Erbakan: Federasyon veya Ayrı Devlet Kurmak Çözüm Değil Çözümsüzlüktür, Kaostur

Rahmetli Erbakan Hoca, kavmi kimliklerin asimile  edilmesine karşı çıkarken meseleyi, sadece bir terör ya da Kürt sorunu olarak  görmemiştir. Erbakan a göre mesele, 1- Terör, 2- Kürt Meselesi, 3- Güneydoğu  Meselesi olmak üzere 3 boyutludur. Her bir boyuttaki olumlu ya da  olumsuzluklar, diğerlerini etkilemektedir. Bu nedenle her üç mesele birlikte  ele alınıp çözüme kavuşturulmalıdır (1). Meseleyi bu düzlemde ele alan Erbakan  Hoca, Kürt sorununun çözümü için birliği savunmakta, parçalanmaya neden  olabilecek ayrı bir devlet ve fedaratif yapıya karşı çıkmaktadır. Böyle bir  bölünme, ayrışma, sorunu kangren haline getirir, büyük bir iç göçe neden olur,  İslam birliğinin Türkiye öncülüğünde kurulmasını engeller ve sadece dış  güçlerin işine yarar:

Şüphesiz ki çözüm, yeni milli devletler kurmak, yeni  parçalar ihdas etmek değil, parçaları birleştirmek, yeni ve ırkçılığa  dayanmayan, büyük bir bütüne doğru yol almaktır. Bir bütün içinde hep beraber  saadet bulmaktır.  Nitekim çok açıktır ki Kürt meselesinin çözümünde ne  federasyon ve ne de ayrı devlet asla kimseye fayda getirmez, saadet  getirmez ve bir çözüm sağlamaz. Çünkü;

1.Güneydoğudan daha çok Kürt kardeşimiz Türkiye nin diğerbölgelerinde yaşamaktadır. Böyle bir ayırım göçe zorlar. Kimseye saadet getirmez.

2.Batılılar ve bütün ülkeler aralarındaki sınırları kaldırıp tek bir devlet ve topluluk olmak için adım atarken, dış güçler bizi sömürmek ve ezmek için bölmek istiyorlar. Onların bu emellerine alet olmak sadece felaket getirir.
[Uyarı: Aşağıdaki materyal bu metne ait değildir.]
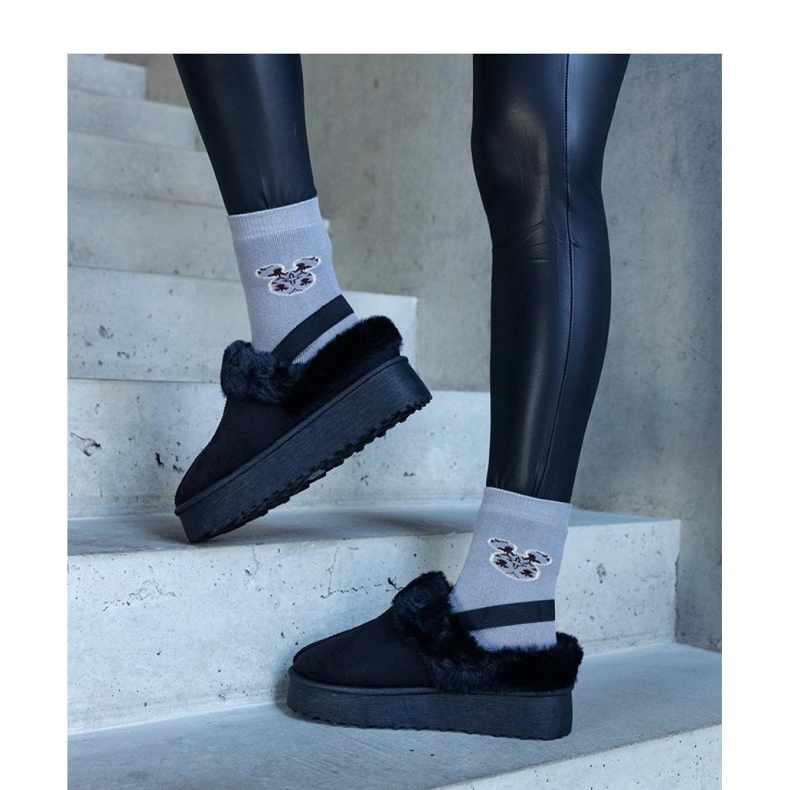 Mustat alustatossut, joissa on turkista koristeltu ja kuminauha kantapäässä 1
3.Güneydoğudaki Kürt kardeşlerimizin Adana ya, Mersin e, İzmir e, İstanbul a pasaport ve vize ile gitmeleri gerekirse bundan kimin eline geçer.

4.Ateist ve komünist rejimlerin zulmü altında aç, işsiz, Bangladeş ten daha geri bir topluluğa dönüşmek kime ne saadet getirir.

5.Bugün yeryüzündeki bütün insanlığın saadeti Kuvveti değil, hakkı üstün tutan zihniyetin kuvvetlenmesi ve korunması ile mümkündür. Bu maksatla İslam birliğinin kurulması görevi, Türkiye nin öncülüğünü gerektirmektedir. Bu görevi yapacak bir Türkiye nin ise küçülmüş, bölünmüş değil, bütün, sağlam ve güçlü bir Türkiye olması gerekmektedir.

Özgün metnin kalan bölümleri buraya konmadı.